La Gazzetta dello Sport (E. Esposito) – La fede calcistica ha la sua sacralità, tanto che per molti è l’unica cosa che nella vita non si cambia, assieme alla mamma. Le circostanze possono però portare a smussare l’indole più viscerale della passione e cancellare il cosiddetto “tifo contro”. È quello che è successo a Andrea Abodi e Giovanni Malagò, rispettivamente tifosi di Lazio e Roma nonché Ministro dello Sport e presidente del Coni. Già, c’è un derby anche ai vertici dello sport italiano, rappresentato da due romani quasi coetanei, con tante cose in comune e qualche sostanziale differenza. A noi ne interessa una, quella che domani pomeriggio porterà uno a trattenere il fiato per la squadra di Sarri e l’altro a stringere i denti per quella di Mourinho.

È chiaro, visti i loro ruoli devono essere imparziali e decisamente superiori a certe dinamiche “pallonare”. Ma nessuno ha ceduto alla fin troppo facile tentazione di rifugiarsi in quasi sempre pretestuoso: “Io non tifo”. L’ipocrisia non fa per loro, persone politicamente attente che sanno che certi passi indietro sono più rischiosi di una genuina e comprensibilissima presa di posizione.
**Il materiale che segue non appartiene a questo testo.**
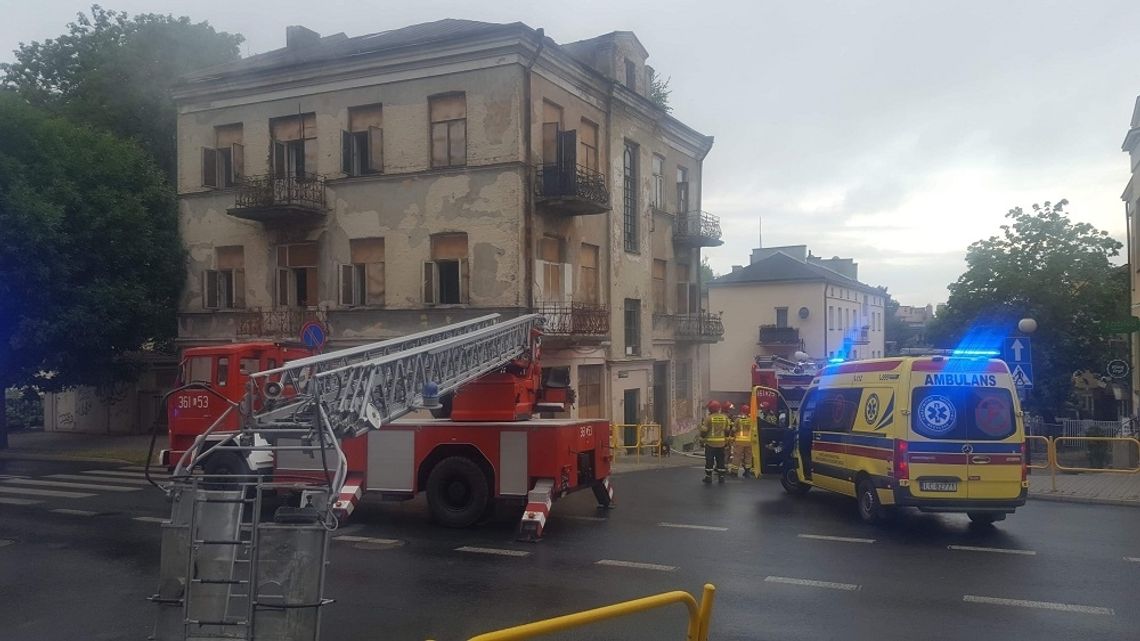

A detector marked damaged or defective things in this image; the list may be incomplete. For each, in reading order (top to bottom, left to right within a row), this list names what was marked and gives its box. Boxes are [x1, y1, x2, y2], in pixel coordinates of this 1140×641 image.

peeling plaster facade [173, 21, 715, 437]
Soprattutto se, come nel loro caso, si accompagna ad una storia istituzionale in cui il tifo non ha mai trovato neanche il minimo spazio. Lo ha spiegato bene una volta lo stesso Malagò: “Il più grande errore è nascondere la passione per una squadra, non accetto che qualcuno faccia finta di non tifare niente. Uno deve essere serio. Io sono della Roma, ma sono più uno sportivo che un tifoso”. Ecco, così si è davvero credibili.